E’ così che, in accordo appunto con tutte le forme assunte in precedenza dall’epica di Optimus e dei suoi simili (cartoon, fumetti, videogames…), ogni film della saga dei Transformers più che settarsi come continuazione e progressione del precedente ne attua un ripensamento, una riscrittura, un rifacimento, un tradimento continuo, insomma una negazione quasi intollerabile per come intendiamo questi prodotti nel contemporaneo: alla fine dei conti, il bastone di Merlino è poco più di un pretesto per Bay per imbastire anche stavolta una giravolta sensoriale votata all’iperstimolazione fisica dello spettatore senza tregua.

Each time I see you

Una sequenza esemplare, su tutte, è quella posta alla fine della lunga – e inedita nella galleria di settings attraversati sino ad ora – sezione subacquea dell’opera: Cade/Wahlberg e Lennox/Duhamel, il cui team up tiene dunque insieme la trilogia teen iniziale con questa nuova traiettoria “adulta” della serie, cercano di sopravvivere all’onda gigante che sta per sommergere l’enorme astronave sulla cui superficie i due intraprendono una corsa a perdifiato. La magniloquenza dell’inquadratura è tale che la coppia di figure umane risulta talmente minuscola al nostro sguardo e al cospetto del movimento acquatico e della costruzione aliena, da perdersi completamente nel quadro astratto. Se nei film precedenti erano le silhouette dei robot a perdere di definizione per colpa della percezione fallace del mezzo, qui sono proprio gli esseri umani a scomparire nella prospettiva sconfinata del disegno (il finale in assenza di gravità è in questo l’ennesimo segno di una Hollywood che guarda con ogni evidenza alle astrazioni “sovraumane” di Telugu e delle megaproduzioni cinesi per tratteggiare anche ad Occidente una CGI da incubazione, da camera iperbarica sospesa senza pareti).
Il terzo Transformers, insomma, assume col passare dei capitoli una centralità

transformers-5-dragonche all’inizio non ci era apparsa così chiara: si tratta, infatti, come scrivemmo dell’episodio più ad altezza-uomo di tutti, quello dove le traiettorie dei giganti metallici si rivelavano maggiormente accessorie al confronto con le classiche dinamiche militari-belliche che tanto piacciono a Michael 13 hrs Bay. Tutti elementi che ritroviamo tra le immagini de L’ultimo cavaliere, proprio a partire dall’ambientazione postapocalittica di una Chicago che è chiaramente il centro delle coordinate di questo universo, qui doppiata da una Londra ancora una volta sotto attacco nel cinema popolare recente (tra F8, Butler, La Mummia e i Bond di Mendes…).

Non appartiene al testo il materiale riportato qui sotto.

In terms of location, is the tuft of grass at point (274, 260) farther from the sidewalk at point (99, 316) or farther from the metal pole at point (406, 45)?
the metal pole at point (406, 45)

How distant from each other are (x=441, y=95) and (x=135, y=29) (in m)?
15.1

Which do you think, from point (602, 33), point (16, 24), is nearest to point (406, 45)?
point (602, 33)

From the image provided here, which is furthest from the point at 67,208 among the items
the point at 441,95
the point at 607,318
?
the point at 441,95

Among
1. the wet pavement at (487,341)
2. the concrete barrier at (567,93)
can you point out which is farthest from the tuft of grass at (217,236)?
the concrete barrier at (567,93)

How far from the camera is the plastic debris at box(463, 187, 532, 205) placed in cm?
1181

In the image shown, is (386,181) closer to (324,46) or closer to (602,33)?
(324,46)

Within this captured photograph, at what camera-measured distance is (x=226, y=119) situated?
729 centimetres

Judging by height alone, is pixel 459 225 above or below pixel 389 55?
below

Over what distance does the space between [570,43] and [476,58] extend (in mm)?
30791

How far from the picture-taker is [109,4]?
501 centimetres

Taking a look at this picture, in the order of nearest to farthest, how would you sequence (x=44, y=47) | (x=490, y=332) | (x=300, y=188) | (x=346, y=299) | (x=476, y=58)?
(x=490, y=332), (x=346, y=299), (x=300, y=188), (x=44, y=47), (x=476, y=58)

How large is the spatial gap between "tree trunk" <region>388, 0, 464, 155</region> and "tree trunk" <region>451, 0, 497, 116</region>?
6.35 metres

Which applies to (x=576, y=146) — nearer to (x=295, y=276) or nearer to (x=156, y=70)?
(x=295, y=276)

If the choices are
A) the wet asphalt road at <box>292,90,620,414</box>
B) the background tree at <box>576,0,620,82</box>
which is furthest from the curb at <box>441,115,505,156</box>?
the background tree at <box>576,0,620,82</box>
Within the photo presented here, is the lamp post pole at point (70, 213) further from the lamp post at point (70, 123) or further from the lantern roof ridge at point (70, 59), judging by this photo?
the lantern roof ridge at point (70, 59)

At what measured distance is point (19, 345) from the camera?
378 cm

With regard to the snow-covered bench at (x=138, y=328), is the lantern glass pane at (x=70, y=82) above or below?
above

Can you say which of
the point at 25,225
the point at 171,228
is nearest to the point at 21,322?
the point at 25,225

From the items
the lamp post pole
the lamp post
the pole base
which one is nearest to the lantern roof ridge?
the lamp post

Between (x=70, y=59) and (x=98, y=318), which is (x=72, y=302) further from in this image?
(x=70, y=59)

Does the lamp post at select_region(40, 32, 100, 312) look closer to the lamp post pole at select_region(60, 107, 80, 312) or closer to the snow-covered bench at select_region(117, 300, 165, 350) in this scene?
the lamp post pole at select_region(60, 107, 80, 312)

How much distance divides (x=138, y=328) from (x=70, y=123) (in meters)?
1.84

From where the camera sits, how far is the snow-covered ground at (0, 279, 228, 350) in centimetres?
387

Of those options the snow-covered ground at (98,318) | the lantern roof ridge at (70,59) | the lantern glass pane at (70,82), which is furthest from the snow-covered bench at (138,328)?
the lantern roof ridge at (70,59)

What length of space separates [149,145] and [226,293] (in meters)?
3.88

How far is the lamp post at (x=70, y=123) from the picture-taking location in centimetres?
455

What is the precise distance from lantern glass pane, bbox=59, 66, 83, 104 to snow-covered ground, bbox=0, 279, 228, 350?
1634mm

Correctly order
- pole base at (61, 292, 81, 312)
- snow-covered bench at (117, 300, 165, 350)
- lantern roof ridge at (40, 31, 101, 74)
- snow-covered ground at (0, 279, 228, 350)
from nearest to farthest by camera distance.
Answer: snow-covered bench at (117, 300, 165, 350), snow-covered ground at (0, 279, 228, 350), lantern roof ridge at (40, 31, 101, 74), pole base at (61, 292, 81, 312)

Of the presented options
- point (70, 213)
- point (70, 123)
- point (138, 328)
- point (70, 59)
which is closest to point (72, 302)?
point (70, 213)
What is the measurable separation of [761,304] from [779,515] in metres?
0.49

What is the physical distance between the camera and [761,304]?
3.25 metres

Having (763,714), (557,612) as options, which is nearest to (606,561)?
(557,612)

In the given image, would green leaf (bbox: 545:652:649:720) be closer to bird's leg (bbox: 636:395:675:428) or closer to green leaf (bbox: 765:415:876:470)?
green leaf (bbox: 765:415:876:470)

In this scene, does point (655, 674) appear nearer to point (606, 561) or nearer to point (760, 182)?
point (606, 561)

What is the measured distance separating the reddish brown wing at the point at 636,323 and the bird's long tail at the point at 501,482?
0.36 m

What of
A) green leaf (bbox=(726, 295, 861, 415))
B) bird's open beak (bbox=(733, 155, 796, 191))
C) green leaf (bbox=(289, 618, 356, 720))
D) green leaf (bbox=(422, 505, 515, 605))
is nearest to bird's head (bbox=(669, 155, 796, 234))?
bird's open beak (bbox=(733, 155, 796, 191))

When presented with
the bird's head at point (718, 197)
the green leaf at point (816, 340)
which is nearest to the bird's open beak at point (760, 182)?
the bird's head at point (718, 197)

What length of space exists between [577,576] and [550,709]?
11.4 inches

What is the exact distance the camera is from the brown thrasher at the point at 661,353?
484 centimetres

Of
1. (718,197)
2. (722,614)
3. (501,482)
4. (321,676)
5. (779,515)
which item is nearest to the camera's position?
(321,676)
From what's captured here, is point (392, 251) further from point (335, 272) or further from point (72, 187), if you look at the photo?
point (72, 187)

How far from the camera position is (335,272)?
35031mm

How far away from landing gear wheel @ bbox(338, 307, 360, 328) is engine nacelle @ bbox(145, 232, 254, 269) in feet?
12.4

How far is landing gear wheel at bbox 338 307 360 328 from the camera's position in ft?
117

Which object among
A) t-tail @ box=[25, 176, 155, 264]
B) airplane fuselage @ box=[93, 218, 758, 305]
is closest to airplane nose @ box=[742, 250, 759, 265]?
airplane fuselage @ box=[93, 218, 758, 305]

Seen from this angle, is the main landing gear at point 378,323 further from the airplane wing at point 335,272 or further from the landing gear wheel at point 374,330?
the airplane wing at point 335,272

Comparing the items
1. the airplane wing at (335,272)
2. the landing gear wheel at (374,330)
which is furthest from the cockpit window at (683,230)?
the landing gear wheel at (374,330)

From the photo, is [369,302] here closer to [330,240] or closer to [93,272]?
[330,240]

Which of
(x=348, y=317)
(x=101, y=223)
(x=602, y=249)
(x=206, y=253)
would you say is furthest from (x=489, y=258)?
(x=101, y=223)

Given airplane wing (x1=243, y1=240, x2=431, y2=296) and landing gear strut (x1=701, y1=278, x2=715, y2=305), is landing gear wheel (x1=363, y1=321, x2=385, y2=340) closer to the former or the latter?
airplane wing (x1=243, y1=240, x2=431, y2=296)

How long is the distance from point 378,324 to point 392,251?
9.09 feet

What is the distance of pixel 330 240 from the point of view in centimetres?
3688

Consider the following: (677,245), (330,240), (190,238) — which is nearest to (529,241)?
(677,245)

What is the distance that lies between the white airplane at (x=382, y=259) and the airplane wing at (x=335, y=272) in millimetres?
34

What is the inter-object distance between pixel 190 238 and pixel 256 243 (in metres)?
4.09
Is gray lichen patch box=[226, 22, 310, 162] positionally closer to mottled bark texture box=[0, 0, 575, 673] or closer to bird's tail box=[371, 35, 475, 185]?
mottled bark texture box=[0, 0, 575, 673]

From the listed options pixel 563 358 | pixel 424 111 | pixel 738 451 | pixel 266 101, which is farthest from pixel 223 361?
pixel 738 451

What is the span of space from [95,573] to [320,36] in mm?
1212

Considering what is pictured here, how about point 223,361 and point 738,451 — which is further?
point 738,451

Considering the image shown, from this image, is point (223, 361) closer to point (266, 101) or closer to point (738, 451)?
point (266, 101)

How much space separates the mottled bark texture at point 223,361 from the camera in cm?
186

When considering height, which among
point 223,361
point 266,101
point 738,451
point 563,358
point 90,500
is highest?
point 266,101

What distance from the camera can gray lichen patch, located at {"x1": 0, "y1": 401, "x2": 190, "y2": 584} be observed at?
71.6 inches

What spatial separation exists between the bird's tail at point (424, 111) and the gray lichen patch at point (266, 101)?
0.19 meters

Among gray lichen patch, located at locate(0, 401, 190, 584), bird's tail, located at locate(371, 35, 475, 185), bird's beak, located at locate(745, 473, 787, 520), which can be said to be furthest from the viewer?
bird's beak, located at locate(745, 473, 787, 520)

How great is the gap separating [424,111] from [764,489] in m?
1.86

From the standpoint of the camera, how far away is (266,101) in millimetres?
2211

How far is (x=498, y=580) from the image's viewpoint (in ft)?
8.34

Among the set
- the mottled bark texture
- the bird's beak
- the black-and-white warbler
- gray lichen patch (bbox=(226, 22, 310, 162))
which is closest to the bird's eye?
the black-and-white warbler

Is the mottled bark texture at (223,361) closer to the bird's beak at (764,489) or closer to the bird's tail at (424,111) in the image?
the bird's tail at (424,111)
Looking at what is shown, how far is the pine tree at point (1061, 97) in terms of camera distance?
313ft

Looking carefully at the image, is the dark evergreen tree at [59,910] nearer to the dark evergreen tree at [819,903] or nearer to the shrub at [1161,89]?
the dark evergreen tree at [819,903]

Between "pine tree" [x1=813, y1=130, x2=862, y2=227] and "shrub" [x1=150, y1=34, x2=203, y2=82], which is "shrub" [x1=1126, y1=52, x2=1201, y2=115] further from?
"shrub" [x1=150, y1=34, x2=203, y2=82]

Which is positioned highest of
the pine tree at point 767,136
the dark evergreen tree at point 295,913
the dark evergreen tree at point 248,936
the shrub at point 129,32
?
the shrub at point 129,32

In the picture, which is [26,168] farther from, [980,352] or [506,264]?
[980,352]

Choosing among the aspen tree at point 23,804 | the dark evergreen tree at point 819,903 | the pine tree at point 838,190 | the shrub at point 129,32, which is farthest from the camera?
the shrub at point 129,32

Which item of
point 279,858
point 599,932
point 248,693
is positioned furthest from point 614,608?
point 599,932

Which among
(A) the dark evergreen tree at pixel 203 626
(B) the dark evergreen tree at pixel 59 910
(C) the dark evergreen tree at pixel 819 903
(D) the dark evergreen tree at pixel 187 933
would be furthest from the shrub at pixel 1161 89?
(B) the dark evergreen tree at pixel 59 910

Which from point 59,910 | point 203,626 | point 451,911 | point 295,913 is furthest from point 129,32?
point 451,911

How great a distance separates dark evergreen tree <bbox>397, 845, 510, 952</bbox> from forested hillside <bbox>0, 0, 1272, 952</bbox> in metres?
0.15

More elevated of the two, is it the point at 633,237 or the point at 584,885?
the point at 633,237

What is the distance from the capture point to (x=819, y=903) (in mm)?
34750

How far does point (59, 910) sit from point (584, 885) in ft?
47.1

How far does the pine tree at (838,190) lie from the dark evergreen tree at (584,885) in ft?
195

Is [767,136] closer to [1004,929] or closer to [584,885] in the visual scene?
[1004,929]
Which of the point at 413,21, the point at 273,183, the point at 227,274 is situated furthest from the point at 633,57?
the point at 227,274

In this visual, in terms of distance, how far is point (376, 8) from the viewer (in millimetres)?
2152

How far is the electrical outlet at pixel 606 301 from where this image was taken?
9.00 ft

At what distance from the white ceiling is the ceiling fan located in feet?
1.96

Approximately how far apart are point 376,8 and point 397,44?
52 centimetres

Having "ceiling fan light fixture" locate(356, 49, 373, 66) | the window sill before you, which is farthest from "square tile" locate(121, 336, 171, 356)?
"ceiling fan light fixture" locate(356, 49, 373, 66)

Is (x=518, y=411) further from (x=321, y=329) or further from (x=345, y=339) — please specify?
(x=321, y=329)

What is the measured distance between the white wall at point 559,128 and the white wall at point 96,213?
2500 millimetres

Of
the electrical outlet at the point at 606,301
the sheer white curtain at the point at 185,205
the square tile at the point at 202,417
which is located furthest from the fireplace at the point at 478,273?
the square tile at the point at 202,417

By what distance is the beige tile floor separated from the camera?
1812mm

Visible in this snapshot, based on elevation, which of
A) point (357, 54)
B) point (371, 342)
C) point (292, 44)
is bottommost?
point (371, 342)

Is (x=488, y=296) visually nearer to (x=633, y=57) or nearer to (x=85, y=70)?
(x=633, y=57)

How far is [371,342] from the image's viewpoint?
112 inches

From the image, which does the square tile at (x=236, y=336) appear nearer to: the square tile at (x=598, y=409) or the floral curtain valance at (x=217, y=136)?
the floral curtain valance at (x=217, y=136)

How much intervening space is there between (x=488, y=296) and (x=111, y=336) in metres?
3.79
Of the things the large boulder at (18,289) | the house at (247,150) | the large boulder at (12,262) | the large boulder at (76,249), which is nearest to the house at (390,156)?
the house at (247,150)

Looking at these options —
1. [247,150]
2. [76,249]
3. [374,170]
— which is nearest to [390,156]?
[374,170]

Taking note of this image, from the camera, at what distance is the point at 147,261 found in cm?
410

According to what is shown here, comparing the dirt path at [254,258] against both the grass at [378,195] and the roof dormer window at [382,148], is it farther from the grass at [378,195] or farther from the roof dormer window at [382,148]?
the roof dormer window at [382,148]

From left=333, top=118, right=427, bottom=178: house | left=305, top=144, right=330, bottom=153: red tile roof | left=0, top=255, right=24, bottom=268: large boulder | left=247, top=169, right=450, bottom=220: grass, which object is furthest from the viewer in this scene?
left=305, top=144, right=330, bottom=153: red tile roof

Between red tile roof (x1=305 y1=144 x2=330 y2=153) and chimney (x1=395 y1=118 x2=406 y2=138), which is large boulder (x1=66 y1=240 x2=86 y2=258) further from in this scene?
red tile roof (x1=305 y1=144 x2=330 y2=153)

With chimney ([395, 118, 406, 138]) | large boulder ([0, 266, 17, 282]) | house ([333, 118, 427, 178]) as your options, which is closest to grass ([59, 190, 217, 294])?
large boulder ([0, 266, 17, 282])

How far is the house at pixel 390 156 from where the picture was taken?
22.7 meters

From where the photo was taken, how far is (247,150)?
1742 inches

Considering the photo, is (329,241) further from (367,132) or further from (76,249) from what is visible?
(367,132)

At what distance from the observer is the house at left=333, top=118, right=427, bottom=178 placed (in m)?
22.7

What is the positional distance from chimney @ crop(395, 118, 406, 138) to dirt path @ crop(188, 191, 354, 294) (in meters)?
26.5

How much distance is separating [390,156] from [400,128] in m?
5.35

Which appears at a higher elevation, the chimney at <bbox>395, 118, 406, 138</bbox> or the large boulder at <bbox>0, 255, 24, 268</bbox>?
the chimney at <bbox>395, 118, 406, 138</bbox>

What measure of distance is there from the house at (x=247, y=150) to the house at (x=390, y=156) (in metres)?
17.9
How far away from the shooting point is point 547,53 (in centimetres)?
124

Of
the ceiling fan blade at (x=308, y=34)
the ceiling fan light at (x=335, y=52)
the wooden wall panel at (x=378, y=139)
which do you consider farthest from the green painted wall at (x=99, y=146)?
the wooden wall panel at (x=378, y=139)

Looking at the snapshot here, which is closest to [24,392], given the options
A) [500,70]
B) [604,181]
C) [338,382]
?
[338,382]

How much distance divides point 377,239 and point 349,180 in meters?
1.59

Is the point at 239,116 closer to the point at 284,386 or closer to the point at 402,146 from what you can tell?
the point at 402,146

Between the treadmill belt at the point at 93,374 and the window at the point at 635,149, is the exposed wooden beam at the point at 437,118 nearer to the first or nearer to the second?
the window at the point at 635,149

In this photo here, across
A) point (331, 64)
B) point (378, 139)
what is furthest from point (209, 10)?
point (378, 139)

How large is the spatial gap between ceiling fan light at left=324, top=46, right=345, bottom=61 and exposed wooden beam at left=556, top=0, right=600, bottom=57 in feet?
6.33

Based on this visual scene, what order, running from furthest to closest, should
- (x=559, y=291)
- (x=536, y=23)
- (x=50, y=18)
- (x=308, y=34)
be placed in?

You want me to forget, pretend we’ve never met

La nutrita schiera di personaggi “umani” (con recupero del sempre impagabile John Turturro, embargato a Cuba), in un numero di caratterizzazioni che così vasto s’era visto probabilmente solo nel primo film di dieci anni fa, si muove in uno scenario dove ogni elemento che caratterizza lo sguardo di Bay viene messo in scena in maniera isolata, evidenziata, e poi assemblato con il resto, proprio come se il film stesso fosse il primo organismo componibile: di volta in volta, i protagonisti incroceranno consapevolmente e spesso stigmatizzeranno la passione del regista per le musiche tronfie e roboanti, per i ralenti interminabili ed estremi (qui vere e proprie bolle del tempo), per i monologhi patriottardi di Optimus (“ogni volta la pelle d’oca…”).
Così destrutturalista c’era stato ancora una volta solo il terzo film (lo stemma dei cavalieri che s’attacca a Wahlberg diventandone un’escrescenza ibrida recupera esplicitamente l’orologio organico impiantato su LaBeouf in quell’episodio), non a caso quello su cui era intervenuto l’apporto fondamentale di James Cameron.
E qui, tra i mille “creatori” che come ogni volta si possono tirare in ballo alla ricerca di paternità per l’armamentario di Bay, è proprio James Cameron lo sguardo che torna in mente in maniera più prepotente, tra le esplorazioni subacquee di cui sopra, e l’esaltante battaglia finale in una Stonehenge di vette erbose e astronavi simili ad organismi vegetali di sacche e corde (la straordinaria resa di una sorta di Cybertron cellulare), abitate da creature mitologiche in lamiera, che non può che ricordare una Pandora meccanica.
D’altra parte anche Avatar era un tentativo di riavvolgimento e riscrittura dell’evoluzione in chiave ibrida e potenziata, come la controstoria narrata dalle fotografie appese al muro nel castello di Anthony Hopkins, quella sì una serializzazione tra le righe del passato di cui vorremmo ancora vedere sullo schermo ogni tappa.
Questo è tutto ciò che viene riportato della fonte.